(Bloomberg) -- The biggest U.S. banks are poised to report a double-digit increase in trading, the result of big market swings spurred by recession fears, soaring inflation and global turmoil, including Russia’s invasion of Ukraine.
Trading revenue at the five biggest Wall Street firms likely climbed 16% to $27.8 billion in the second quarter, driven by fixed-income desks which are expected to have brought in a combined $16.4 billion, according to analyst estimates compiled by Bloomberg. That increase, along with higher net interest income tied to Federal Reserve rate hikes, should provide a boost to earnings, countering a hit from slowdowns in the companies’ investment-banking and mortgage businesses and a drop in valuations at their wealth-management arms.
“Volatility is basically our friend,” Andy Morton, global head of markets at Citigroup Inc., said at an industry conference last month. “And we’ve not just had volatility in one or two asset classes, or one or two things to focus on,” he added, citing central-bank rate surprises and swings in commodity prices and foreign exchange.
JPMorgan Chase & Co. and Morgan Stanley kick off earnings season Thursday, followed by Wells Fargo & Co. and Citigroup on Friday, and Bank of America Corp. and Goldman Sachs Group Inc. next week.
Here are other key areas to watch as quarterly results are announced:
Investment-banking revenue may have sunk 44% in the second quarter from a year earlier, according to analysts’ estimates as of Monday, with the same market turmoil that’s boosting trading activity also stymieing dealmaking. Analysts are expecting a 74% drop in revenue from equity issuance, a 36% decline from debt issuance and a 16% slump from advising on mergers and acquisitions.
“The investment-banking environment for fees has been very challenging this quarter, particularly equity capital markets,” Bank of America Chief Financial Officer Alastair Borthwick said last month, noting that the trend applies across Wall Street. He also warned of some leveraged-finance writedowns.

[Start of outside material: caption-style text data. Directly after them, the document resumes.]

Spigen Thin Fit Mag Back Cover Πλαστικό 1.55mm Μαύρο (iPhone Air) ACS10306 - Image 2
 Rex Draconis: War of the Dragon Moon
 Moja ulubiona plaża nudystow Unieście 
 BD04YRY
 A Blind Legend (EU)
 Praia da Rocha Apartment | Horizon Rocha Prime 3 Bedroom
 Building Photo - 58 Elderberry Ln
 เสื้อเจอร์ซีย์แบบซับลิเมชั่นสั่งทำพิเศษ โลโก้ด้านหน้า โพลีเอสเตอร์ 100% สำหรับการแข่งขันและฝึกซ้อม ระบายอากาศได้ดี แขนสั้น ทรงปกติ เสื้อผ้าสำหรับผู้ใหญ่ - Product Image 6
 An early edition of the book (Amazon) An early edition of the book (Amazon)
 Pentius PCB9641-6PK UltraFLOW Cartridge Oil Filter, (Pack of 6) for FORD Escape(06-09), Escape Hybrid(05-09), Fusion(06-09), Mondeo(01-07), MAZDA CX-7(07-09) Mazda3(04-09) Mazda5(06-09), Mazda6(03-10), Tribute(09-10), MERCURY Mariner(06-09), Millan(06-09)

Read more: Wall Street Faces Billion-Dollar Losses on Sinking Buyout Debt
The Fed’s rate hikes are expected to provide a boost to net interest income, a key source of revenue for the biggest banks. The six largest firms likely pulled in $52.7 billion, up 15% from a year earlier. Lenders have been making increasingly rosy projections for how much they will earn in NII this year amid expectations that rate hikes will continue. In May, JPMorgan raised its 2022 outlook for the second time this year, saying it expects the metric to increase 26% from 2021.
This quarter will “reflect the benefit of higher interest rates,” Credit Suisse Group AG analyst Susan Katzke wrote in a note to clients. “The lift in interest rates is the strongest supporting positive to the fundamental picture.”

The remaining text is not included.